Python interview questions for data analysts
Contents:
What Python interviewers actually ask
Python on a data analyst loop is not a CS-fundamentals quiz. It is not about decorators, metaclasses, or the GIL. Interviewers at Stripe, Airbnb, DoorDash, Uber, and Notion want to see you load a CSV, reshape it, compute a metric, and draw a chart in twenty minutes. If you have been grinding LeetCode mediums to prep, you are studying the wrong material.
Questions cluster into four buckets: Pandas mechanics, data wrangling (nulls, duplicates, dates), plotting, and bridging SQL and Python. The bar at FAANG-adjacent companies: can you write groupby().agg() without hesitation, debug a SettingWithCopyWarning, and explain why & is not and. That is a lower ceiling than what software engineers face — and it is the actual job.
Load-bearing trick: if you only have two weekends to prep, drill merge, groupby, pivot_table, apply vs vectorized ops, and pd.to_datetime. These five primitives cover the bulk of live-coding rounds at consumer-tech companies.
Pandas — the bread and butter
Read a CSV and inspect it. The opening move of any take-home or live exercise:
import pandas as pd
df = pd.read_csv("data.csv")
df.head()
df.shape # rows, cols
df.dtypes # column types
df.describe() # numeric summaryIf the interviewer hands you a file blind, run these four lines before doing anything else. Skipping dtypes is how you end up summing strings.
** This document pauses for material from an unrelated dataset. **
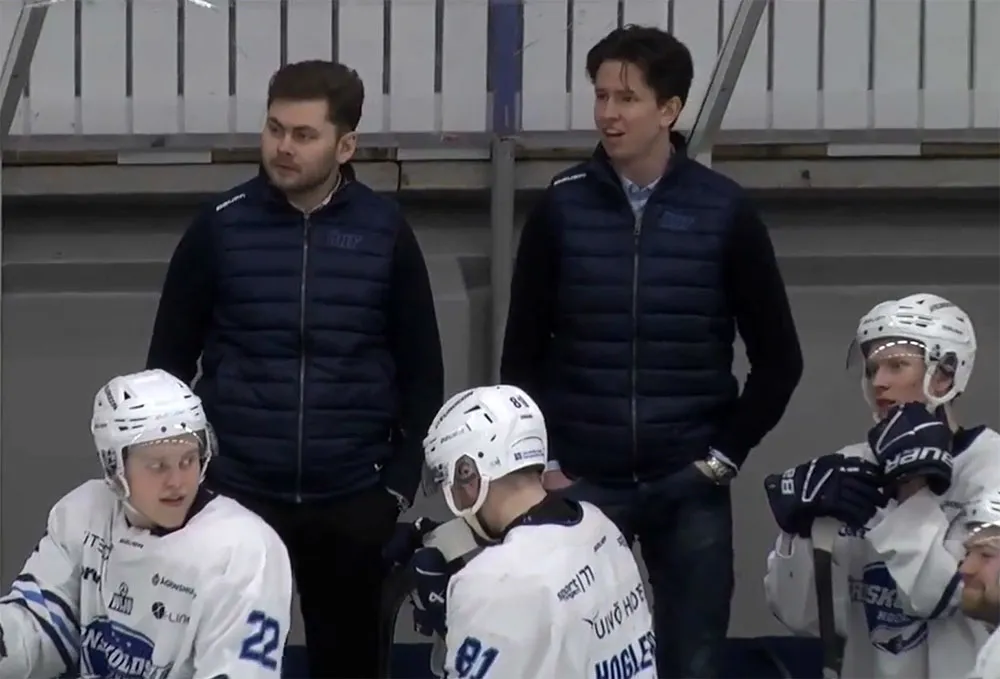 Tobias Jansson och William Cederstam fortsätter på tränarbänken i Ö-vik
Filter a DataFrame on multiple conditions.
filtered = df[(df["age"] > 25) & (df["plan"] == "premium")]The single most common rookie mistake on a live screen is writing and instead of &. Python's and short-circuits on scalars; Pandas needs elementwise logic, so you use & (AND), | (OR), ~ (NOT) — and each condition wrapped in parentheses because of operator precedence.
GROUP BY in Pandas.
df.groupby("city")["amount"].mean()
df.groupby("city")["amount"].agg(["mean", "median", "count"])This is the Pandas mirror of SELECT city, AVG(amount) FROM orders GROUP BY city. The agg form runs several aggregations in one pass — interviewers love when candidates reach for it instead of writing three separate groupbys.
Joining tables (the SQL JOIN equivalent).
# LEFT JOIN on user_id
result = pd.merge(orders, users, on="user_id", how="left")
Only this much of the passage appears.